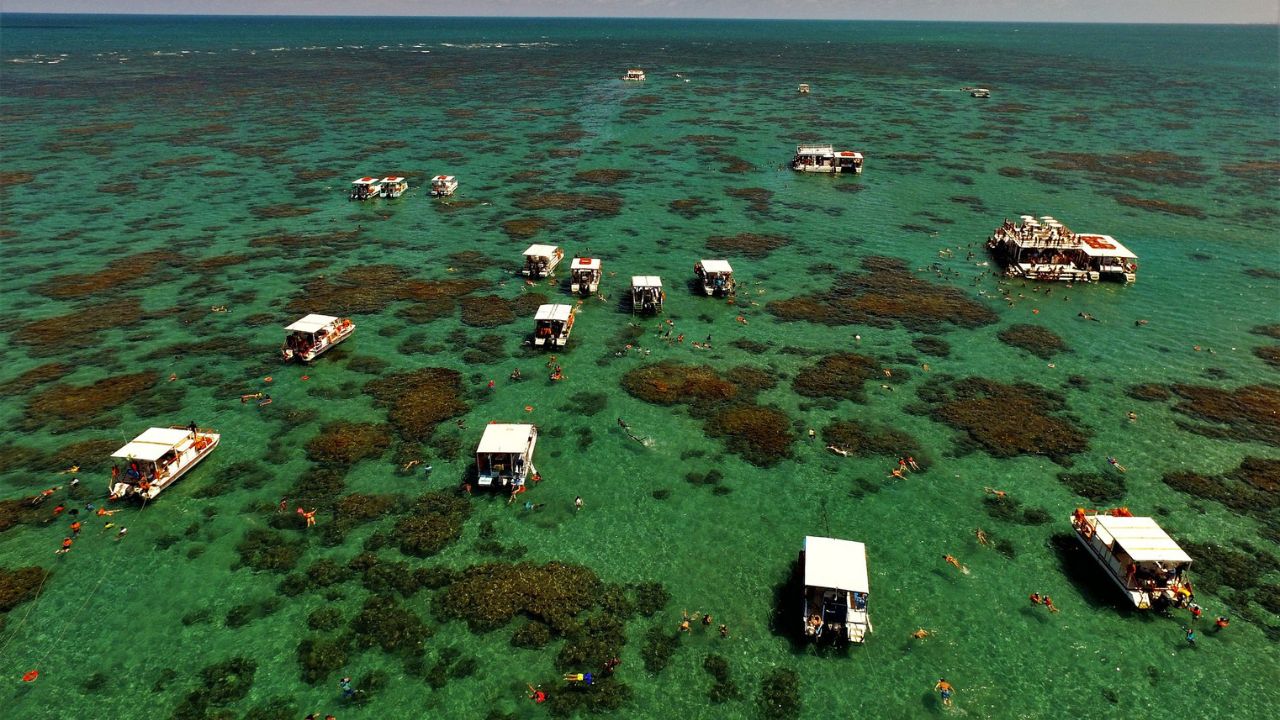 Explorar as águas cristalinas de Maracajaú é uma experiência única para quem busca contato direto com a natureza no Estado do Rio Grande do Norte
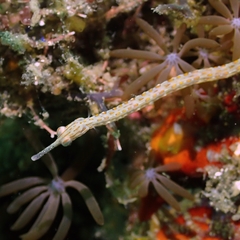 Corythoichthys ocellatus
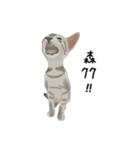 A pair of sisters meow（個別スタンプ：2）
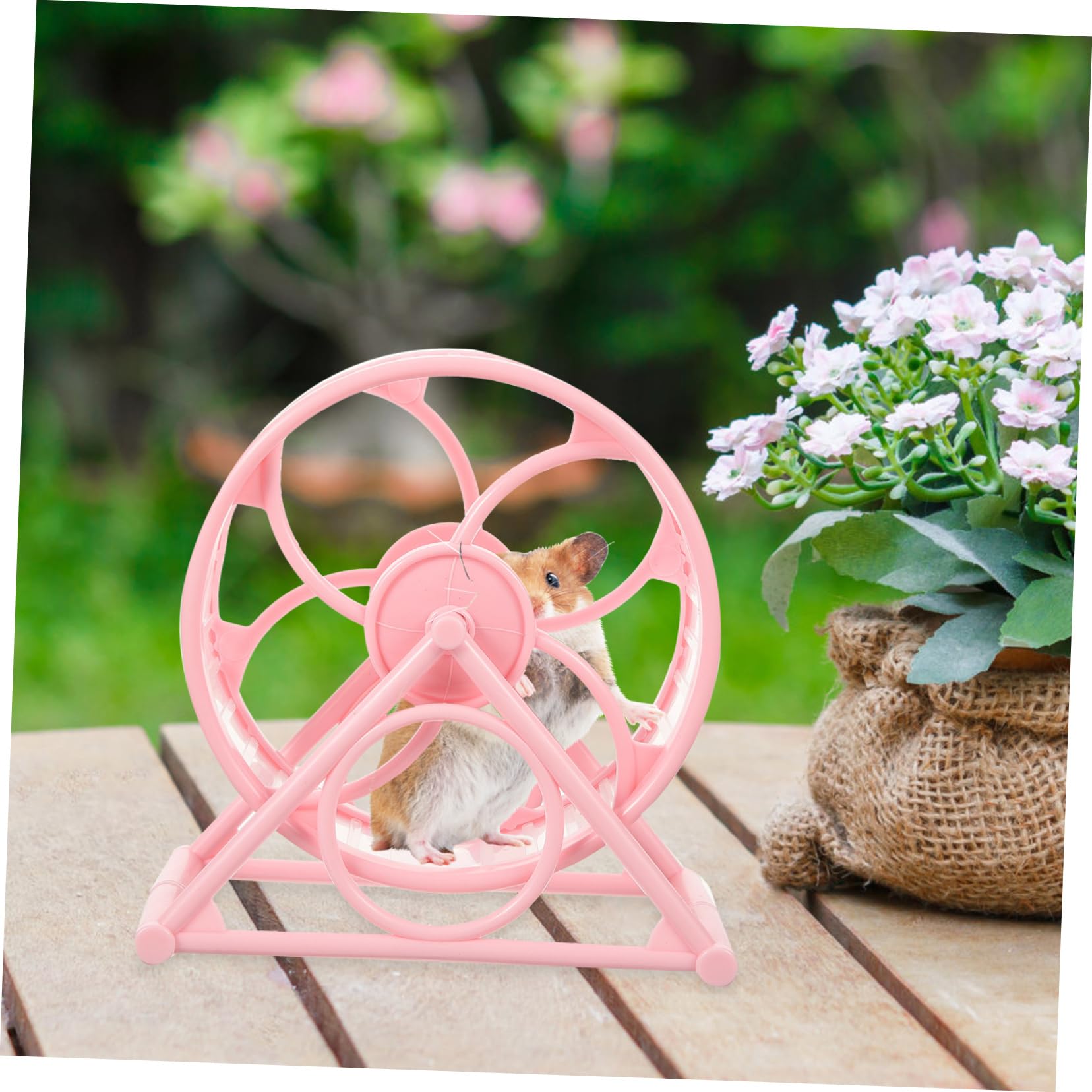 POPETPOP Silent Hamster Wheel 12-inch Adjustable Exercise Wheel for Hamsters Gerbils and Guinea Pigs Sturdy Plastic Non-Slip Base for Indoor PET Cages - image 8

********

Return the data above in its exact wording, with none of the pictures.

 Explorar as águas cristalinas de Maracajaú é uma experiência única para quem busca contato direto com a natureza no Estado do Rio Grande do Norte
 Corythoichthys ocellatus
 A pair of sisters meow（個別スタンプ：2）
 POPETPOP Silent Hamster Wheel 12-inch Adjustable Exercise Wheel for Hamsters Gerbils and Guinea Pigs Sturdy Plastic Non-Slip Base for Indoor PET Cages - image 8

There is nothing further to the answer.